Quand tu te demandes où est ton fils et s’il va bien
Et c’est seulement le soir vers 17 heures que je suis montée en réa-néonatalogie avec l’aide de mon mari qui poussait mon fauteuil car je ne remarchais pas encore. Cette porte verrouillée par code… Je me suis demandée où était mon fils. La blouse, le masque, la charlotte et les sur-chaussures, le lavage des mains : le stress montait. Et là je l’ai vu, mon fils, ce tout petit être dans ce gros incubateur. Il était intubé, branché de partout pour les contrôles vitaux, saturation en oxygène, rythme cardiaque… Cette peau fripée sans graisse… Je ne l’ai pas reconnu. Cette rencontre fût bouleversante… Je ne me suis pas sentie maman.
Quand aucun sentiment maternel ne me traverse
Je vais peut-être choquer mais si on avait mis un bébé quelconque j’aurais ressenti la même chose. Ce sentiment de ne pas être à ma place. Ce sentiment de perte, mon bébé tant espéré et voulu : mais où était le bébé parfait de mes fantasmes ? Par la suite on nous a expliqué que Maxence avait eu une hémorragie trans-fontanelle suite a une thrombopénie sévère (chute des plaquettes, cause fréquente de la prématurité). Ils ont dû le transfuser deux fois. Les plaquettes sont remontées doucement, mais on nous disait toujours de vivre au jour le jour… Et c’est ce qu’on a fait. Émotionnellement, le cerveau fait le tri et ne nous en donne pas le choix : il occulte tous les soucis d’à coté… Chaque jour pendant 12 heures quasiment je suis venue voir mon fils. J’ai passé mon temps à lui faire les soins pour tenter de créer ce lien mère-enfant. Ce sentiment que l’on nomme comme étant viscéral. C’est ce que je croyais avant pour ma part !

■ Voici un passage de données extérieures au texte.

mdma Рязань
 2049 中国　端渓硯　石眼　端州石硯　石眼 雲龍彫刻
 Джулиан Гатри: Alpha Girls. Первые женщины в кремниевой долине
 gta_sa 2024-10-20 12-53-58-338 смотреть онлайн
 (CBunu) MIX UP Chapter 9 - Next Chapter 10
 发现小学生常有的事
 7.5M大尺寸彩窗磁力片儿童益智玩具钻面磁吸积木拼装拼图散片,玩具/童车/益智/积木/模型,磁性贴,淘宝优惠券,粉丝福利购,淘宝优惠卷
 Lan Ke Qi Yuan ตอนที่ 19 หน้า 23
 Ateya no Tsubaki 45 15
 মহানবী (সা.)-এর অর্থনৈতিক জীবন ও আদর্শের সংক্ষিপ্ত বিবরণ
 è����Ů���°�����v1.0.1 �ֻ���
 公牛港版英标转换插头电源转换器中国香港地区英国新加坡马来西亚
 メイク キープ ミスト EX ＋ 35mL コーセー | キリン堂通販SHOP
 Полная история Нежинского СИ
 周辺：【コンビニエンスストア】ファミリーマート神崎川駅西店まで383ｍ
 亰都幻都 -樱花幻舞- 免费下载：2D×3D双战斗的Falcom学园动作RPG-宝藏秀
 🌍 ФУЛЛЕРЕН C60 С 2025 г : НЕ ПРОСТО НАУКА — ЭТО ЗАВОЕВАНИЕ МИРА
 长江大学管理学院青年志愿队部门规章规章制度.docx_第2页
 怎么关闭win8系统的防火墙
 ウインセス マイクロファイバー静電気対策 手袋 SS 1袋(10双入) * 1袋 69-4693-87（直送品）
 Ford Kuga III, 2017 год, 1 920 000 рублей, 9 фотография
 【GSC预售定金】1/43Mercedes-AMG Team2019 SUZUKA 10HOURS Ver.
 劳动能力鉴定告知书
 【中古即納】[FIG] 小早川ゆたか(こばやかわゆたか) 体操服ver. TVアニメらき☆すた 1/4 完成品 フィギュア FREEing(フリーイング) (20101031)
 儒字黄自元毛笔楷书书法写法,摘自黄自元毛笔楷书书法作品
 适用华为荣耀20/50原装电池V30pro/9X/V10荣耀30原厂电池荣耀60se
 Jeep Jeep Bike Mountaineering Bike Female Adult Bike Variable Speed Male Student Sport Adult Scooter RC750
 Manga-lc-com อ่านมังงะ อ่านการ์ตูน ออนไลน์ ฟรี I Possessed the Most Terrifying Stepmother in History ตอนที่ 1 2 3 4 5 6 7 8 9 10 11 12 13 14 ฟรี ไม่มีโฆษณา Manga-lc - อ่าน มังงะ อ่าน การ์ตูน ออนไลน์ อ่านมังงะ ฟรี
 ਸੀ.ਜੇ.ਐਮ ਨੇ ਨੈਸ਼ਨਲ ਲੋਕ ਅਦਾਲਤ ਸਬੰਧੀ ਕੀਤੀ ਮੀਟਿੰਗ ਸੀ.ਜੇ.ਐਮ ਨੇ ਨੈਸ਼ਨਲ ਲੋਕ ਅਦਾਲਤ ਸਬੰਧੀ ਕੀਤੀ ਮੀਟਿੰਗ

Maxence rentre à la maison
Après deux mois d’hospitalisation Maxence a fini par rentrer à la maison. Nous étions angoissés à l’idée de ne plus être accompagnés dans ce moment si délicat. Le retour à la vie de famille a été très difficile pour moi. Je perdais vite pieds : j’ai fait une dépression post partum et j’ai été suivie par une psychiatre pour choc post-traumatique. J’étais sous anxiolytiques car je revivais ma césarienne sans cesse comme un drame, une opération, le vol de mon bébé, une perte de contrôle et non pas comme la naissance de mon enfant… Je me suis occupée de mon fils pendant toute ma dépression comme on s’occupe du bébé de sa voisine. J’ai mis 6 mois avant de me remettre de tout ça et de tisser un lien maternel. Mon mari m’aidait beaucoup et était très proche de notre fils. Et c’est Maxence avec ses petits yeux d’amour, ses progrès de chaque jour, ses premiers gazouillis, ses câlins qui m’a guéri. Il a soigné mon cœur en mal d’amour. Je me suis réveillée un matin comme si j’avais toujours aimé cet enfant !
Un petit bout plein de vie
Aujourd’hui Maxence est un bonhomme très vif et curieux de la vie, mais aussi très câlin et sensible… Sur le plan santé, il n’a gardé aucune séquelle sauf un léger asthme du nourrisson dû aux trois bronchiolites qu’ils nous a fait dans sa première année de vie. En conclusion je dirais que vivre une césarienne en urgence peu importe soit le contexte peut être un vrai traumatisme pour la maman, le lien avec l’enfant peut être plus ou moins coupé. Un suivi psychologique dès l’hospitalisation en maternité est essentiel pour aider ses mamans.